▶ **DATA LISTING**
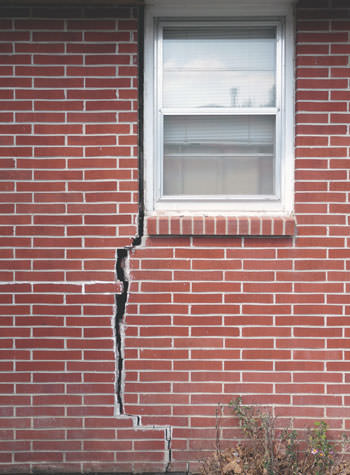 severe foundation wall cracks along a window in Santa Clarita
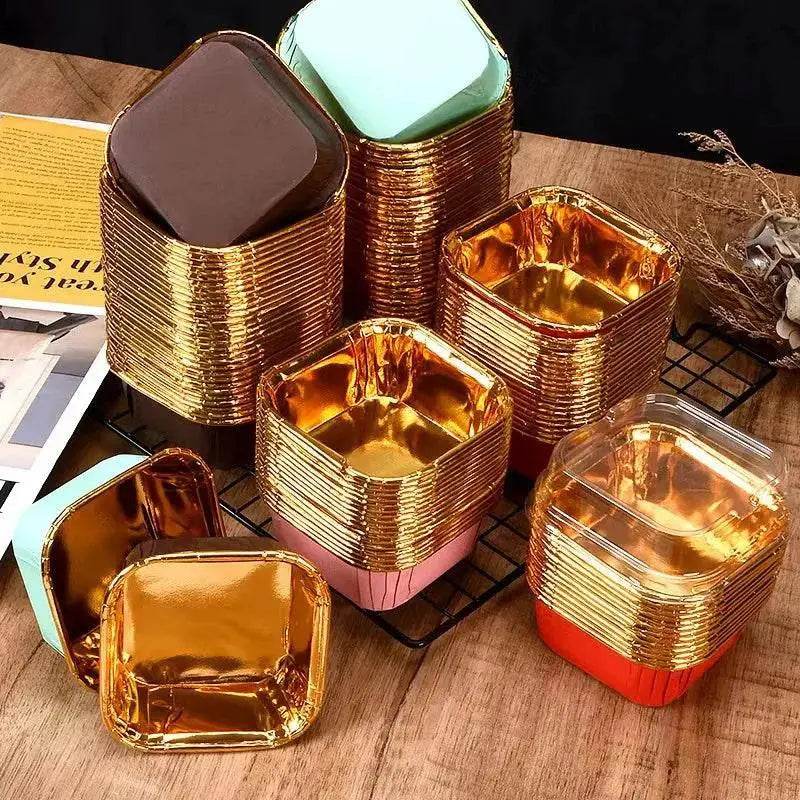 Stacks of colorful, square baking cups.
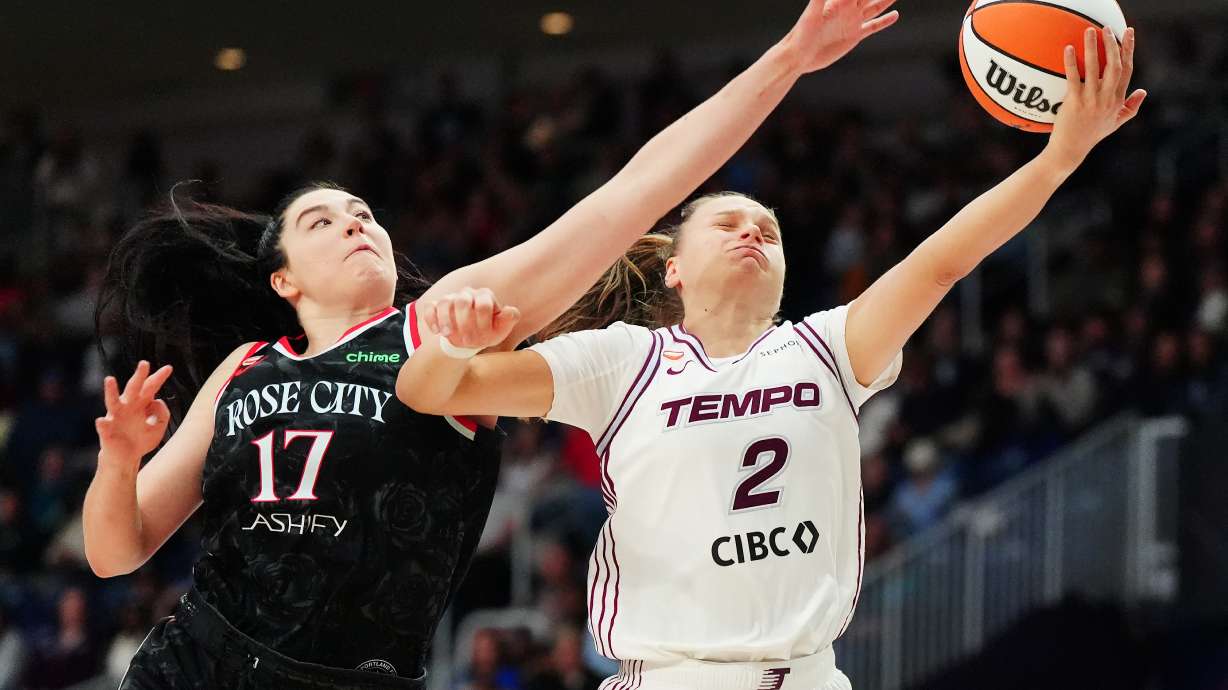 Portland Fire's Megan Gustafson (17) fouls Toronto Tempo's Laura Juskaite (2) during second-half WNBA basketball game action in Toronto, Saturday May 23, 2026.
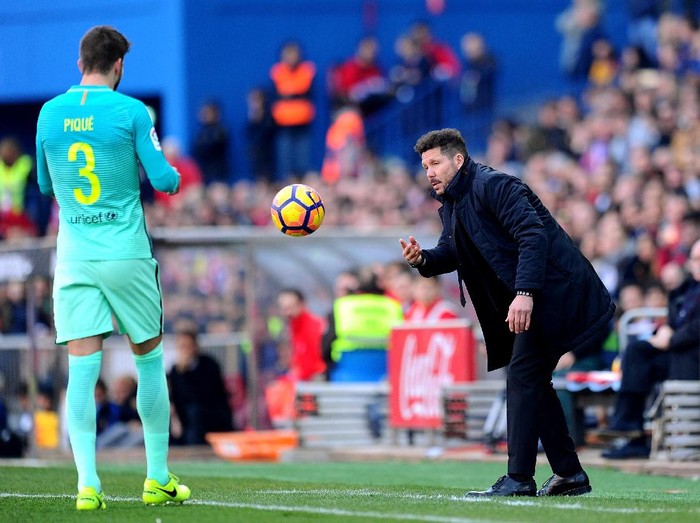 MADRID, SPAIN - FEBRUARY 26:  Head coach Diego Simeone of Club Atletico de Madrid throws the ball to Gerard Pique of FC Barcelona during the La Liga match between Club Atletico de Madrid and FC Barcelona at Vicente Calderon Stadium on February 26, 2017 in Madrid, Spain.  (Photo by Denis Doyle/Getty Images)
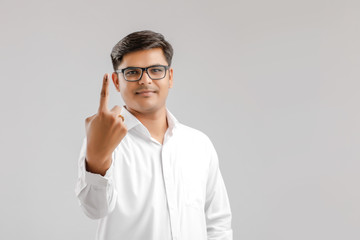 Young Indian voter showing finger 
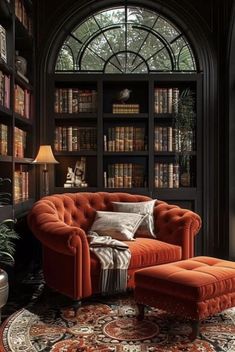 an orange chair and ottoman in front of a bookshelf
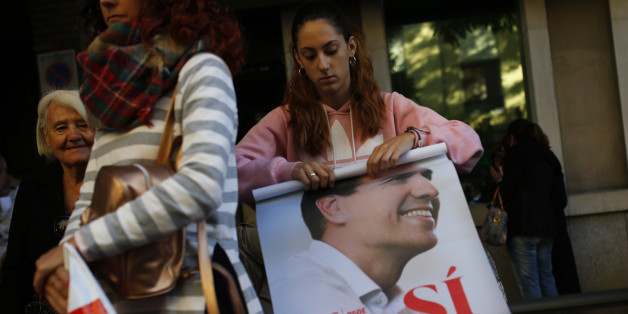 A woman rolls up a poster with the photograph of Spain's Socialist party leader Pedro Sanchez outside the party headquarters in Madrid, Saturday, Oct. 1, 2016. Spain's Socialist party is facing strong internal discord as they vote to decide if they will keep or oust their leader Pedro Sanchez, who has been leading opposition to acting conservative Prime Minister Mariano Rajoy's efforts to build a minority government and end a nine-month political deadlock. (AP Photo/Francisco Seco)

▶ **EXERCISE OBJECTIVE**
Please set down every line of the listing verbatim, excluding its pictures.

▶ **YOUR RESPONSE**
 severe foundation wall cracks along a window in Santa Clarita
 Stacks of colorful, square baking cups.
 Portland Fire's Megan Gustafson (17) fouls Toronto Tempo's Laura Juskaite (2) during second-half WNBA basketball game action in Toronto, Saturday May 23, 2026.
 MADRID, SPAIN - FEBRUARY 26:  Head coach Diego Simeone of Club Atletico de Madrid throws the ball to Gerard Pique of FC Barcelona during the La Liga match between Club Atletico de Madrid and FC Barcelona at Vicente Calderon Stadium on February 26, 2017 in Madrid, Spain.  (Photo by Denis Doyle/Getty Images)
 Young Indian voter showing finger 
 an orange chair and ottoman in front of a bookshelf
 A woman rolls up a poster with the photograph of Spain's Socialist party leader Pedro Sanchez outside the party headquarters in Madrid, Saturday, Oct. 1, 2016. Spain's Socialist party is facing strong internal discord as they vote to decide if they will keep or oust their leader Pedro Sanchez, who has been leading opposition to acting conservative Prime Minister Mariano Rajoy's efforts to build a minority government and end a nine-month political deadlock. (AP Photo/Francisco Seco)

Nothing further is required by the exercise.